*** Opening Collected data ***

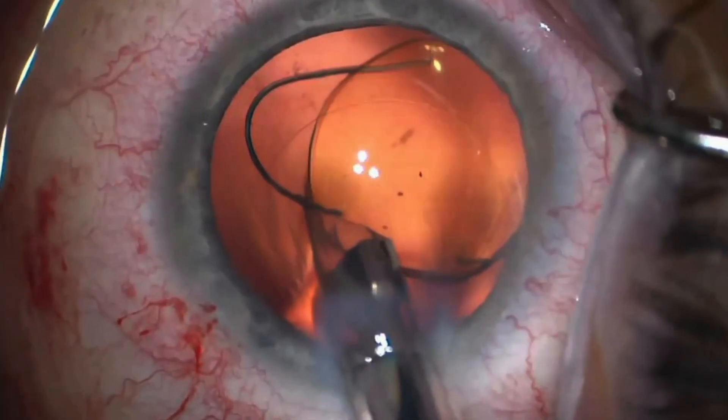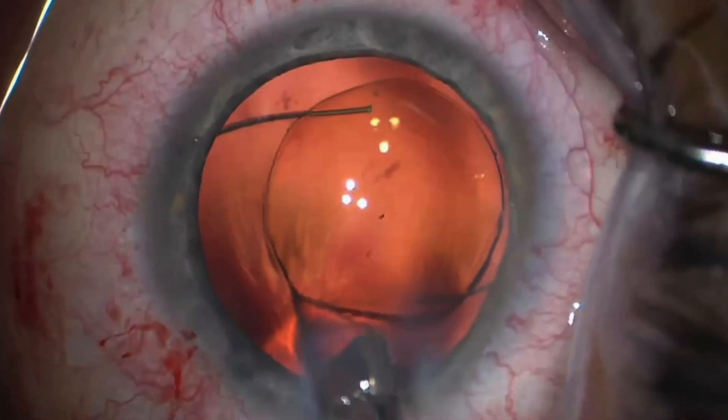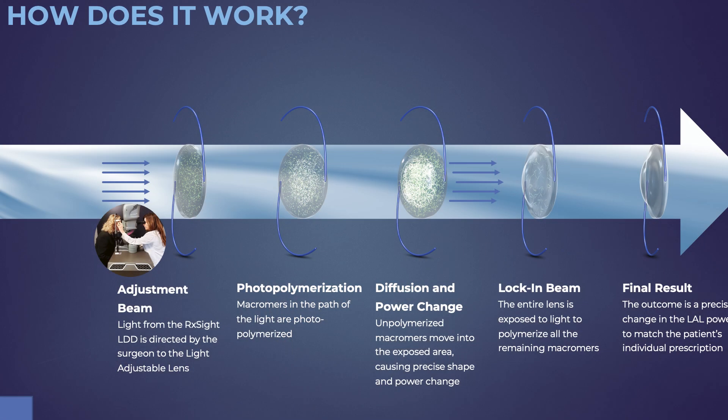To clarify, light adjustable lenses differ from the traditional intraocular lens in the fact that the light adjustable lens lends itself to be adjusted or fine-tuned even after it's been placed in the patient's eye. Typically, with every other intraocular lens we've used so far, the lens power, once it's placed in the patient's eye, is permanent and you cannot adjust it or fine-tune it. Whereas the light adjustable lens differentiates itself in that after surgery, you can still fine-tune the outcome based on the expectations and needs of the patient.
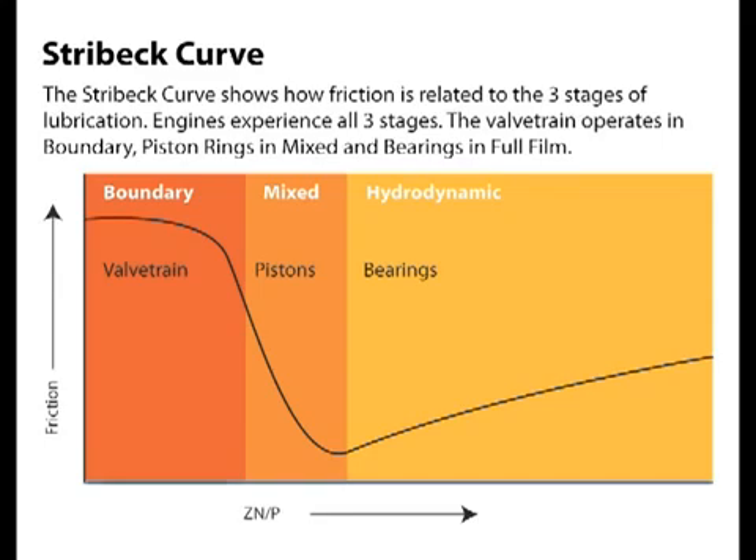A great way to look at these three stages of lubrication is the Stribeck curve. It provides a graphical representation of all three conditions relative to friction and what is known as the ZNP factor — don't worry, no math here. ZNP is an easy way of accounting for the relationship between the viscosity of the oil, the speed of the surfaces, and the loads encountered. The basic rule of thumb is that high speeds and light loads allow you to use low viscosity oils and still operate in full film lubrication for reduced friction and efficiency. Conversely, you need higher viscosity oil in low speed and high load applications to prevent quick entry into boundary conditions.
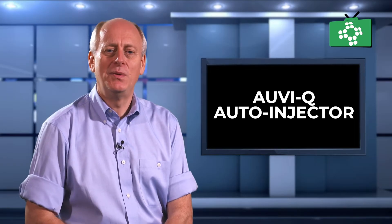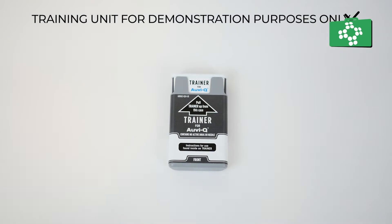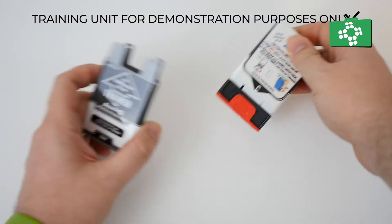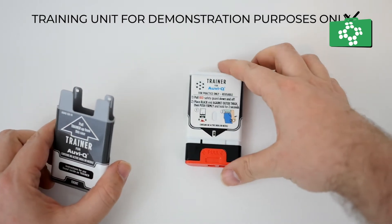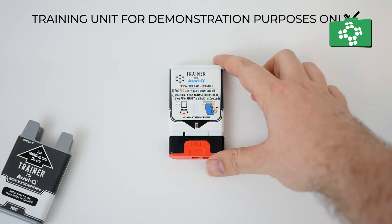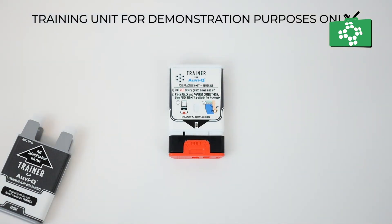There are three types of AUVI-Q autoinjector. The first one, which is white and purple, has 0.1 mg of epinephrine and is for infants and toddlers weighing between 16.5 to 33 pounds. The next step up is for children weighing 33 to 66 pounds and contains 0.15 mg of the drug, and has a blue casing.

*** Closing Collected data ***

Task description »
Except for the pictures, write the data out exactly.

Answer area »
To clarify, light adjustable lenses differ from the traditional intraocular lens in the fact that the light adjustable lens lends itself to be adjusted or fine-tuned even after it's been placed in the patient's eye. Typically, with every other intraocular lens we've used so far, the lens power, once it's placed in the patient's eye, is permanent and you cannot adjust it or fine-tune it. Whereas the light adjustable lens differentiates itself in that after surgery, you can still fine-tune the outcome based on the expectations and needs of the patient.
A great way to look at these three stages of lubrication is the Stribeck curve. It provides a graphical representation of all three conditions relative to friction and what is known as the ZNP factor — don't worry, no math here. ZNP is an easy way of accounting for the relationship between the viscosity of the oil, the speed of the surfaces, and the loads encountered. The basic rule of thumb is that high speeds and light loads allow you to use low viscosity oils and still operate in full film lubrication for reduced friction and efficiency. Conversely, you need higher viscosity oil in low speed and high load applications to prevent quick entry into boundary conditions.
There are three types of AUVI-Q autoinjector. The first one, which is white and purple, has 0.1 mg of epinephrine and is for infants and toddlers weighing between 16.5 to 33 pounds. The next step up is for children weighing 33 to 66 pounds and contains 0.15 mg of the drug, and has a blue casing.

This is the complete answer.